The definition (semantics) of Lisp are given as an interepreter program in Lisp itself. McCarthy’s list interpreter, implemented as mutually recursive eval and apply functions, is often cited as an example of metacircular evaluation - defining the evaluation semantics of embedded language in terms of evaluation semantics of host-language, which happens to be same as embedded languge. Interestingly, McCarthy defines Lisp as a dynamically scoped language (Paul Graham says so, but is it really? Reynolds’s 2nd interpreter, which he says is similar to McCarthy’s, is lexically scoped.).

In order to use metacircular lisp interpreter to interpret a lisp program, the program first has to be converted to data. In other words, all M-expressions need to be translated to S-expressions (Note: this means that M-expressions are only a syntactic sugar). A simple algorithm to perform the same has been described in the paper. The algorithm converts all function names and their arguments in the user lisp program (which are meta-variables) to atomic symbols. The interpreter (eval function, to be specific) maintains an environment which defines bindings for these atomic symbols. However, note that the original program may also contain atomic symbols, and these symbols have no attached interpretation. To distinguish between atomic symbols that are present in the user program, and atomic symbols that are introduced while convering M-expressions to S-expressions, the former set of atomic symbols are quoted.

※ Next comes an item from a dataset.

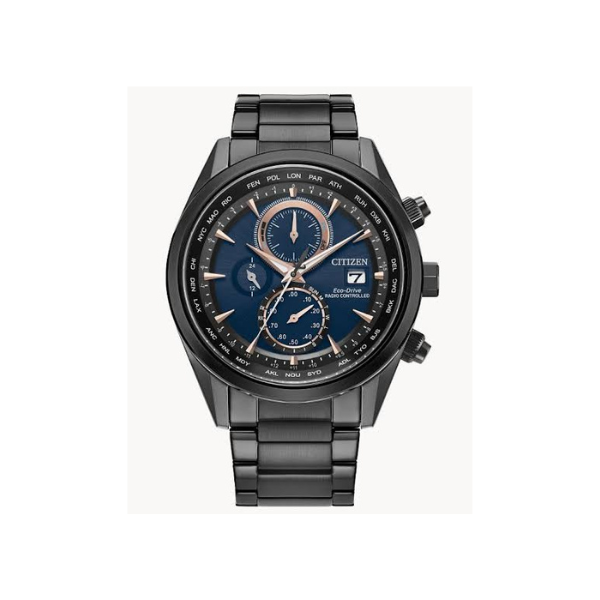 Citizen sport luxury AT8265 57L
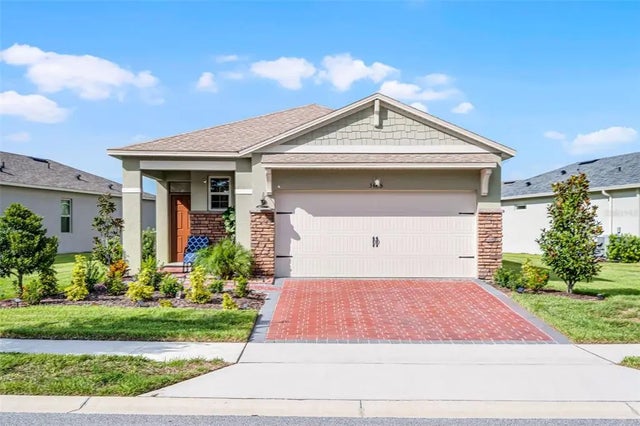 3435 Yellowtop Loop, CLERMONT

As mentioned previously, Lisp is the first language that abstracted the underlying machine completely. In order to be able to do that, the run-time should be able to manage scarce machine resources, such as memory. Towards this end, Lisp introduced automated memory reclamation, which is now commonly known as “Garbage Collection”.

2.Definitional Interpreters Paper

The Lisp paper defines semantics of Lisp using a metacircular interpreter written in Lisp itself. The definitional interpreters paper by Reynolds exposes subtle aspects of such definitional interpreters. In particular, it shows how semantics of the embedded language (called the defined language) can depend on semantics of the host language (called the defining language), such as its treatment of higher-order functions, and the order of function application . To demonstrate this point, the paper first constructs a metacircular interpreter for a higher-order (defined) language in another higher-order (defining) language, by simply translating an expression (eg: function application) in defined language as the corresponding expression in defining language. The paper makes two observations about this interpreter:

  1. The nature of higher-order functions is not clear.
  2. The order of application is not explicit; the order of evaluating function applications in defined language depends on whether the defining language is call-by-value or call-by-name.

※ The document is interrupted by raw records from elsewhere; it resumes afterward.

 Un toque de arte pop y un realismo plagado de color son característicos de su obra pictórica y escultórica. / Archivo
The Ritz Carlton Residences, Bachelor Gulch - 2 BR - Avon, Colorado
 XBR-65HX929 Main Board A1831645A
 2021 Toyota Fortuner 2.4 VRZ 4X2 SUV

Subsequently, Reynolds proposes two transformations to make the treatment of higher-order functions, and order of function applications explicit in the semantics of defined language:

  1. Defunctionalization: A function in defined language is not a function in defining language. Instead, functions and function closures are represented explicitly as data structures (For eg, as S-expressions in Lisp interpreter), and the semantics of a function application is defined explicitly, as a transformation over data. Defunctionalization effectively lets us write a definitional interpreter for a higher-order language in a first-order language.
  2. CPS transformation: A continuation is a function that explicitly represents “rest of the computation”. At every atomic step of evaluation in a definitional interpreter, if we explicitly describe what “rest of the evaluation” is, then the semantics of defined language no longer depends on order of evaluation of defining language; the order of evaluation is now explicit in the interpreter. This kind of interpreter is said to be written in continuation passing style (CPS).

The paper also describes how imperative features, such as assignments, can be encoded explictly in a definitional interpreter written in applicative style.